First, let me say he is impeccably dressed in a black chef’s coat. He is a very loud talker and it is best that he doesn’t catch you off guard because his prideful boasts could very well be mistaken for anger. His bombastic rants mock you for even considering going somewhere else for lunch today.
He constantly tends to the marinated chunks of chicken sizzling on the grill using an antiquated copper pot filled with some special sauce. Each time the sauce hits the grill and smoke lifts the smell that originally beckoned me wafts into the air.
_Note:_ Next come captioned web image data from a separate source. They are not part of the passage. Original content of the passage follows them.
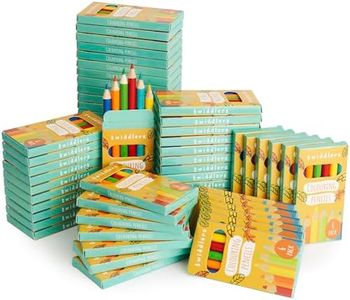 THE TWIDDLERS 120 Boxes of Mini Colouring Pencils - 6 Pencils Per Box, 720 Total - Easy Grip Round Barrel, 9cm Length, Multipack Bulk Party Bag Fillers for Kids Birthdays, Classroom Prizes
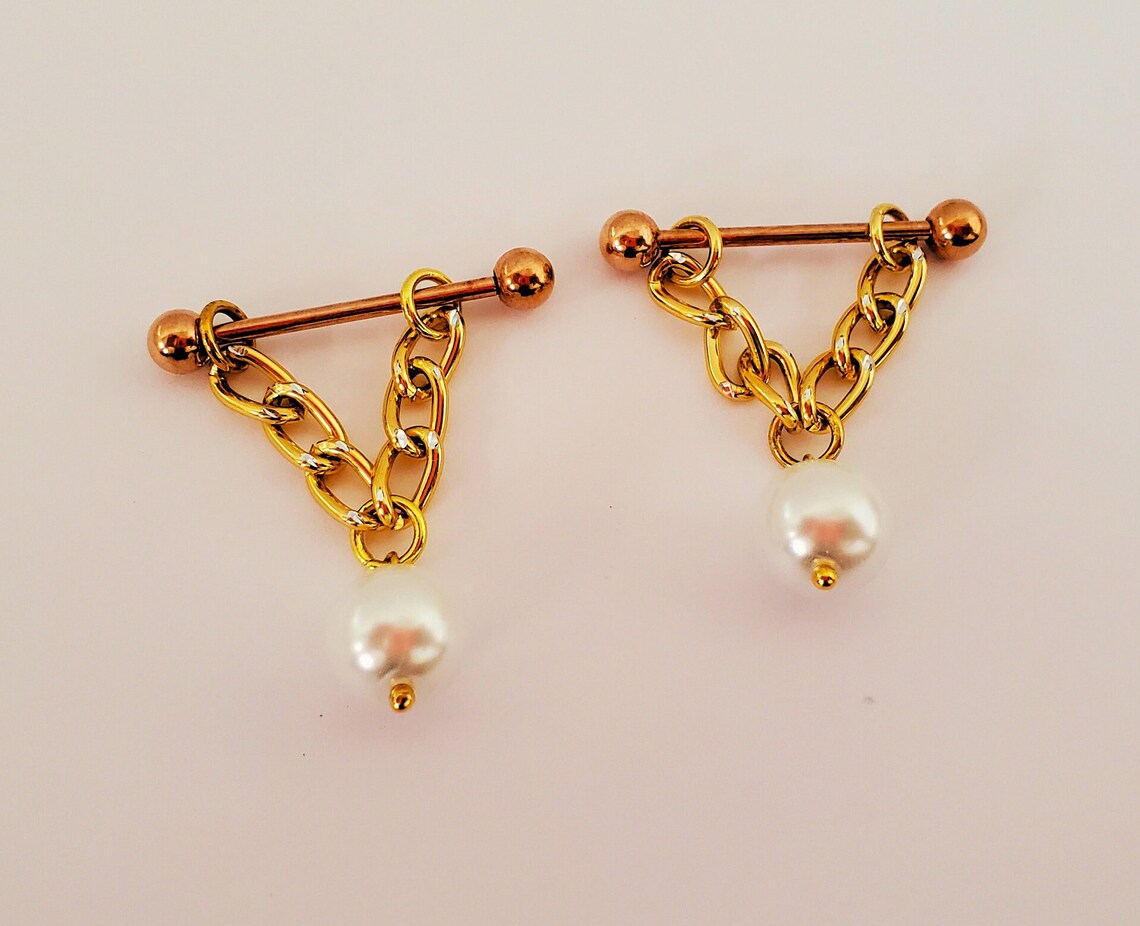 14G Gold Pearl Nipple Ring Jewelry, Erotic Nipple Barbell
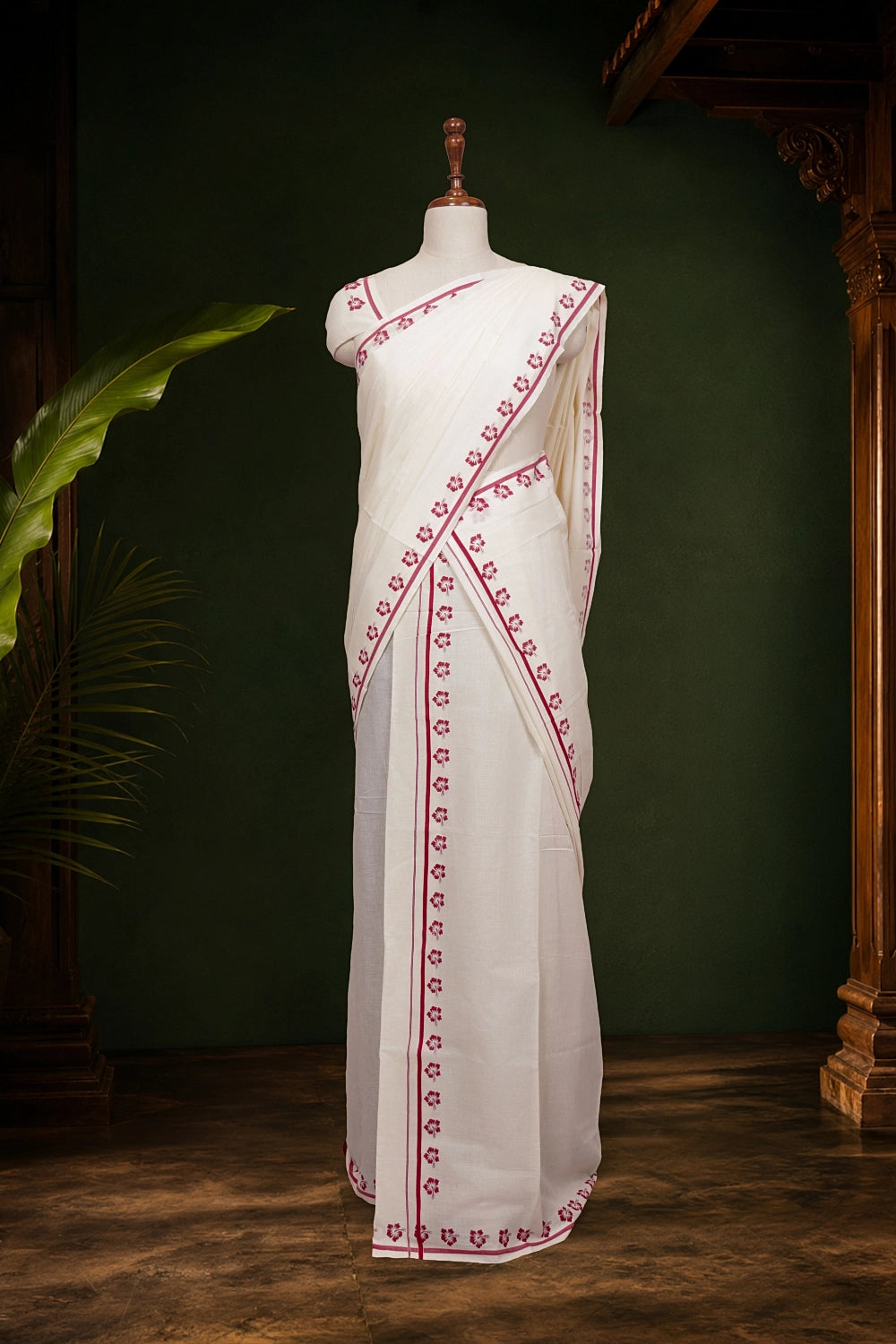 Off White Cotton Set Mundu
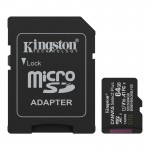 Карта памяти microSDXC (UHS-I) Kingston Canvas Select Plus Gen3 64 ГБ, класс 10, A1 (R — 100 МБ/с) (адаптер SD)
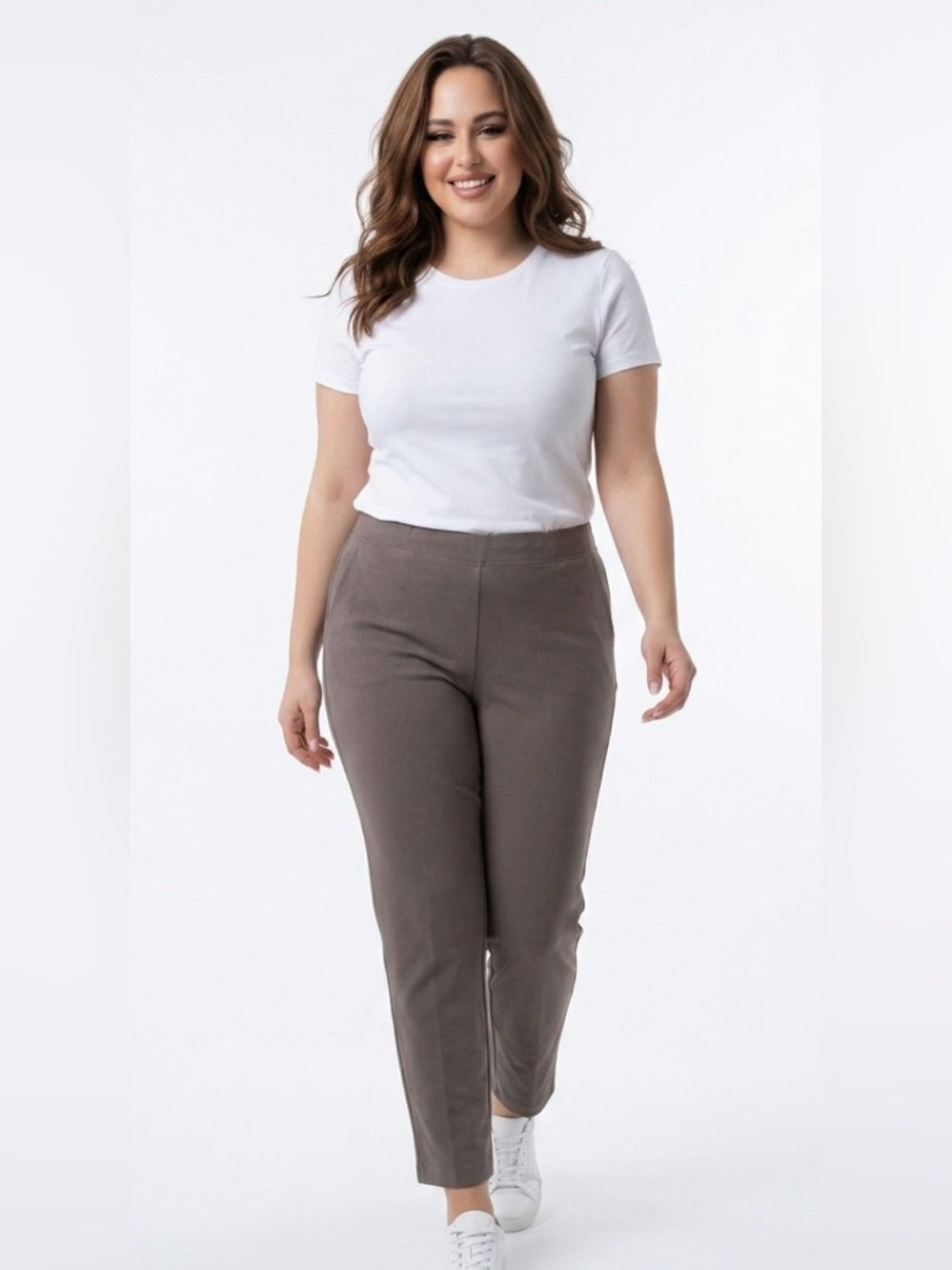 Eileen Fisher Cobblestone Slim Ankle Crepe Pants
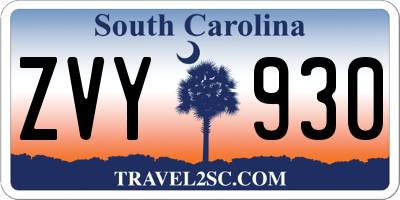 SC license plate ZVY930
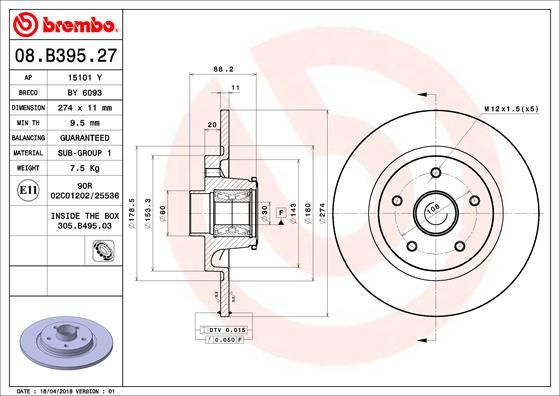 Stabdžių diskas BREMBO 08.B395.27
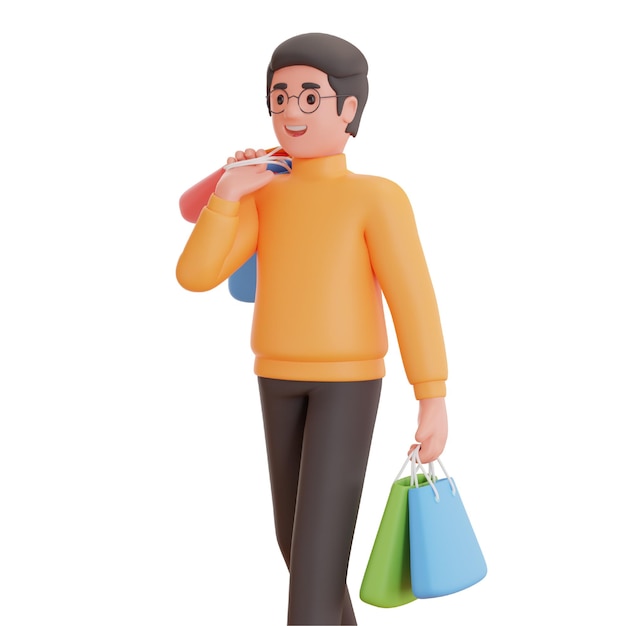 Man walking and holding shopping bags 3d character for online shopping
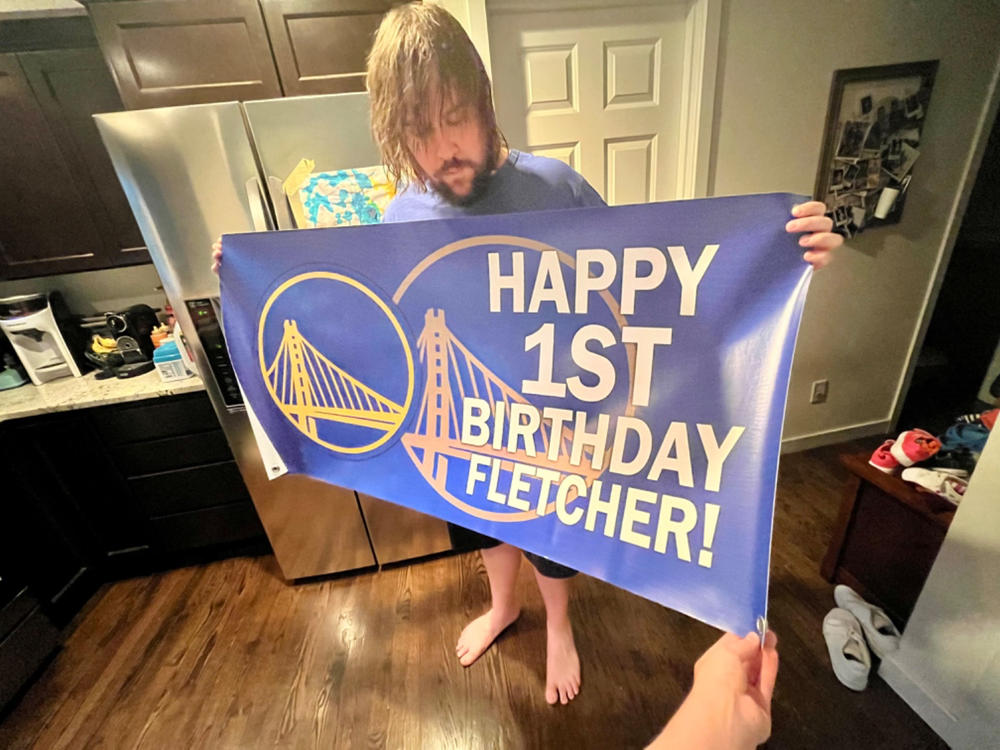 Personalized Golden State Warriors Banner for Special Occasion, Holiday, Birthday, Announcement, Retirement, Promotion, Celebration. - 2x4 FT, Yes - Customer Photo From DonnaJoy Kent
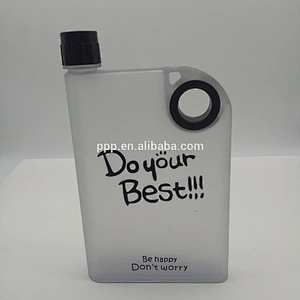 wholesale sport style BPA free flat notebook looking drink water pot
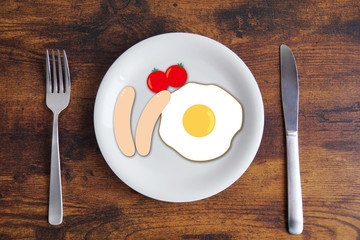 目玉焼きとソーセージの食事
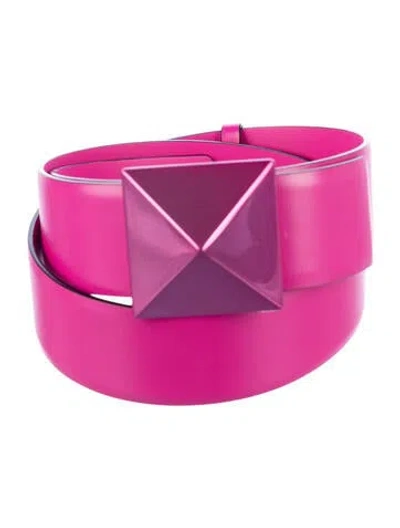 Pre-owned Valentino Garavani Leather Belt In Pink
What I learned from the others in line is that he prepares one dish per day. Usually he gives you a taste of chicken and a taste of falafel along with bountiful sides du jour. Maybe it is because I told him it was my first time there or maybe it was just miscommunication but he decided to start me off with just the falafel. It’s sort of unspoken that you don’t question Constandinos. He asked me if I would rather have a sandwich or platter. I went with the platter. Price: 7$
The oregano encrusted falafel fried in such a way it was blackened but without being burnt. This gave it an even more interesting texture and flavor than other falafel I have tried. After splitting one of the crunchy little balls open it exposed a bright green center.The falafel themselves seemed to be missing a key component, the chickpeas. The filling looked and tasted like a mash of parsley and garlic. It was served with hummus and an even creamier tahini garlic sauce over noodles with garbanzo beans thrown in, all of which was served on top of crunchy (yes crunchy) romaine lettuce. It was a veritable pasta salad extravaganza. Oh! And the bread, the meal comes with not only pita but a fresh challah roll, for soaking up every last bit of the platter. Finally, red and green grapes for dessert, which acted as a perfect palette cleanser since my mouth was still tingling from all the garlic I had consumed. When I asked Constandino if is was okay if I photographed him and his cart he answered “you do whatever makes you happy”. Which appears to be exactly what he is doing and doing it well.